BRIEF:
The whole listing is to be given again without alteration, except that its pictures are dropped.

DATA:
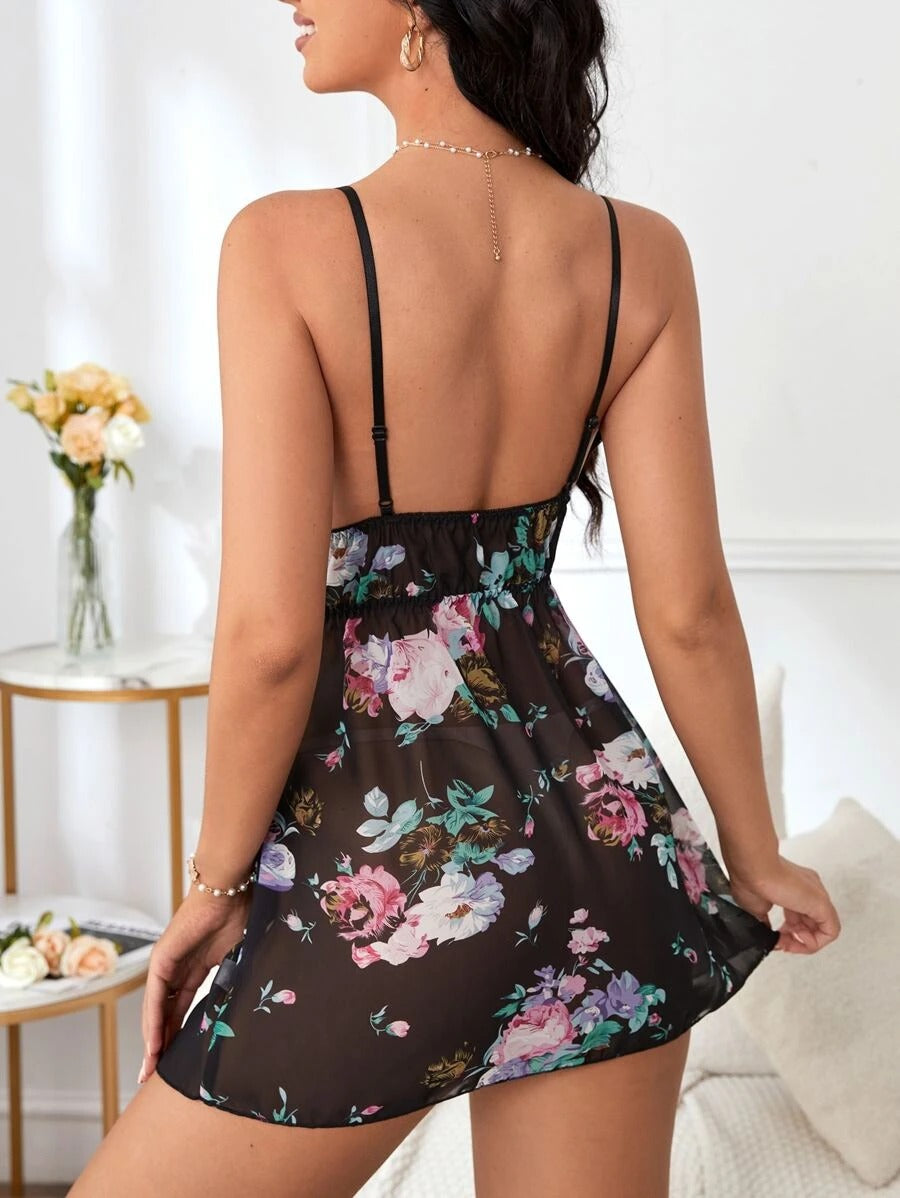 Floral Print Chiffon Cami Nightdress-Soco Hoodie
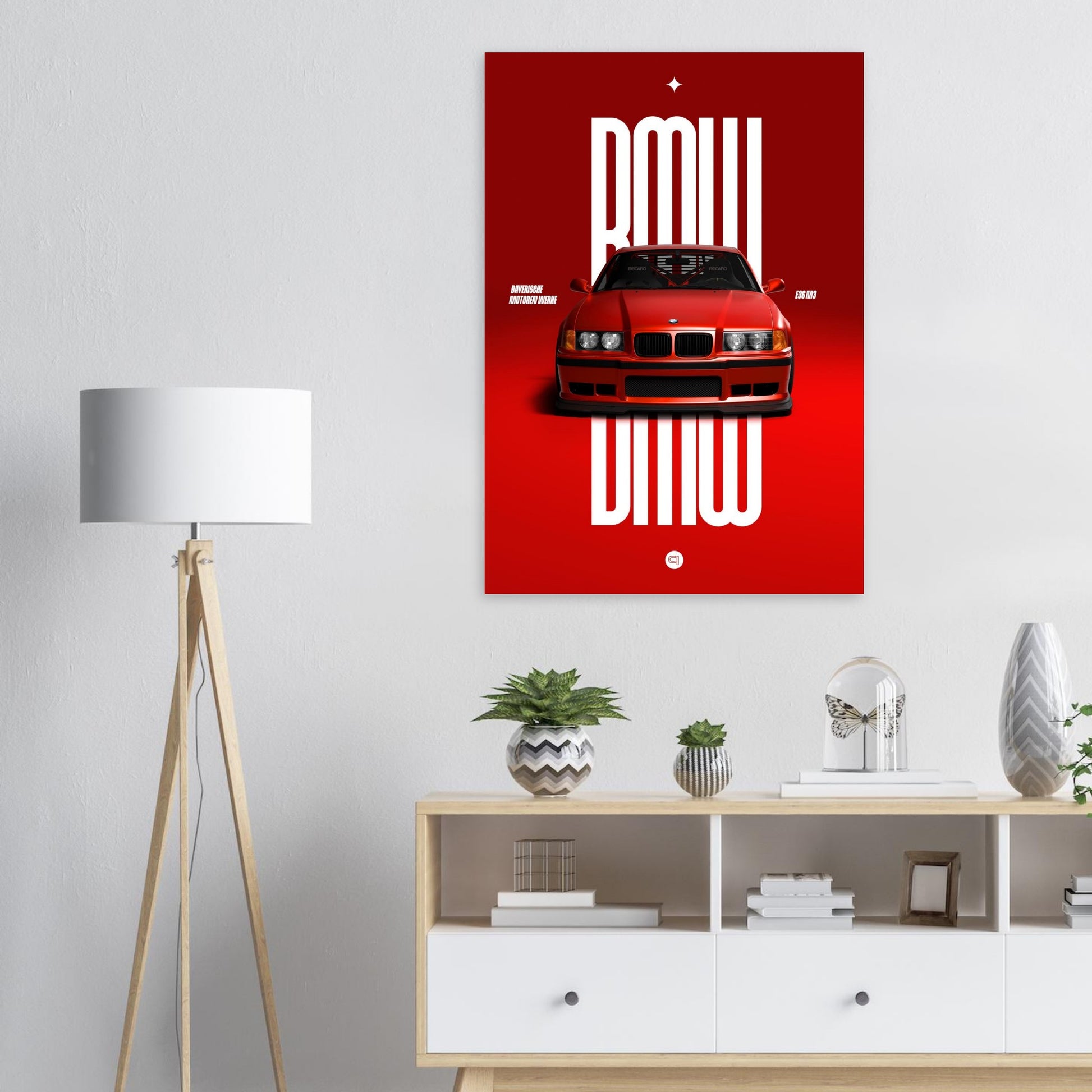 Car Poster - BMW E36 - Red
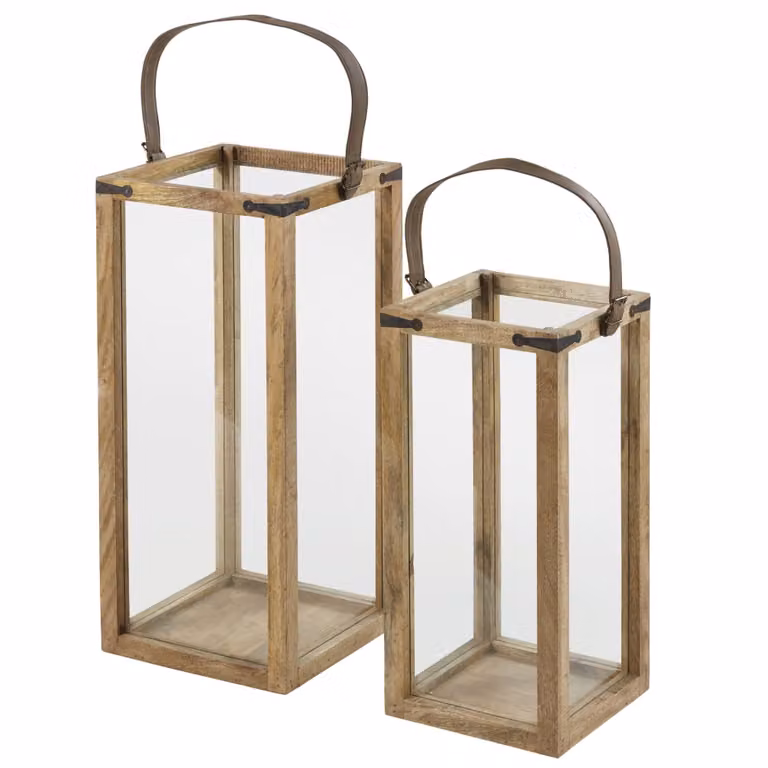 Set de 2 faroles étnicos Maisons du Monde de madera de mango y cuero en colores beige y marrón para mesa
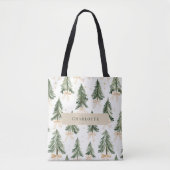 Watercolor Christmas Tree Personalized Tote Bag (Voorkant)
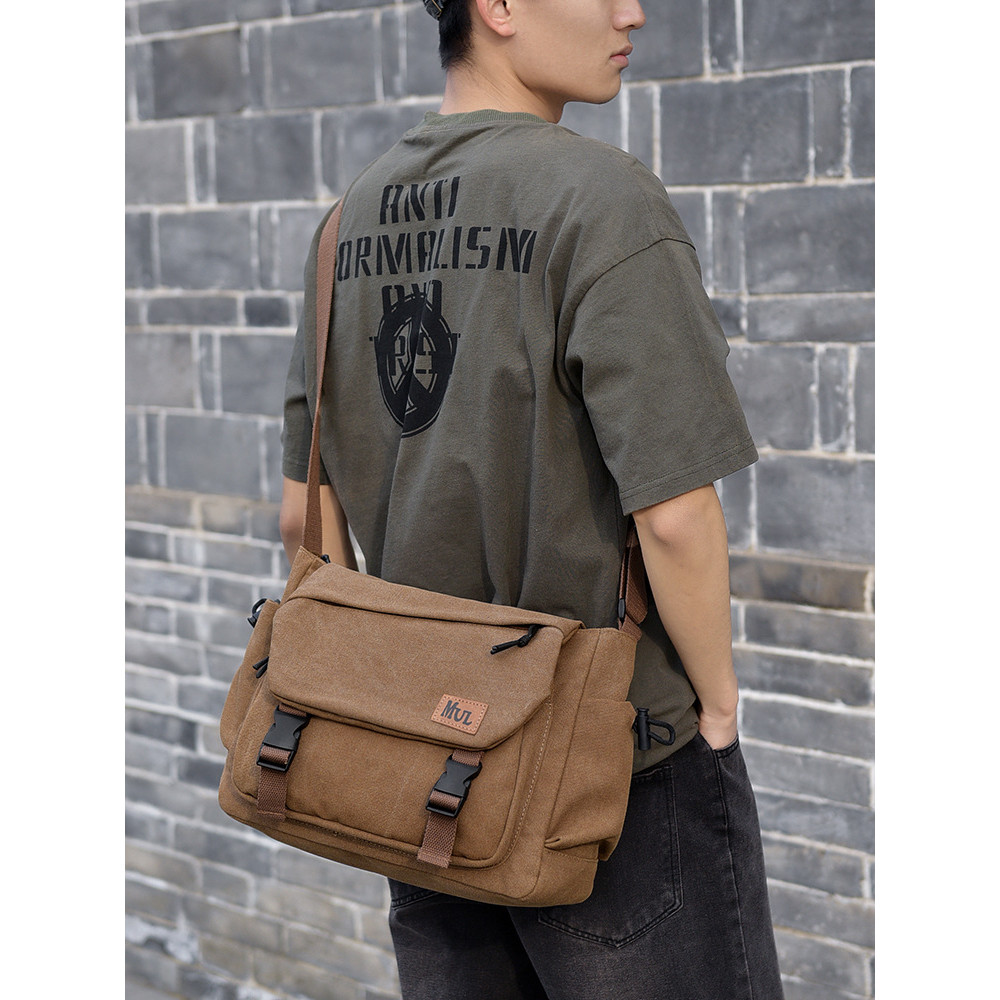 Authentic men's canvas shoulder bag, large-capacity messenger bag, commuter bag, tool bag, men's vin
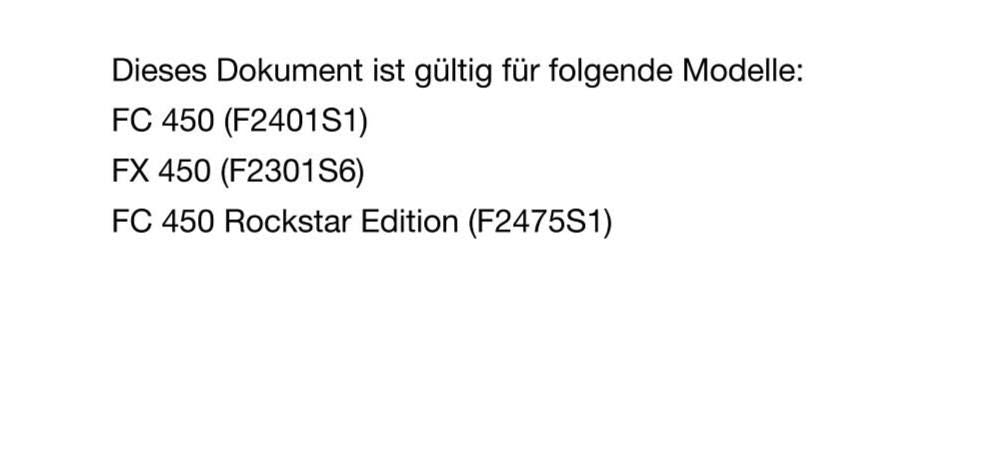 German Language - Husqvarna 2019 - Fc Fx 450 Rockstar - Reparaturanleitung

SOLVED EXERCISE:
 Floral Print Chiffon Cami Nightdress-Soco Hoodie
 Car Poster - BMW E36 - Red
 Set de 2 faroles étnicos Maisons du Monde de madera de mango y cuero en colores beige y marrón para mesa
 Watercolor Christmas Tree Personalized Tote Bag (Voorkant)
 Authentic men's canvas shoulder bag, large-capacity messenger bag, commuter bag, tool bag, men's vin
 German Language - Husqvarna 2019 - Fc Fx 450 Rockstar - Reparaturanleitung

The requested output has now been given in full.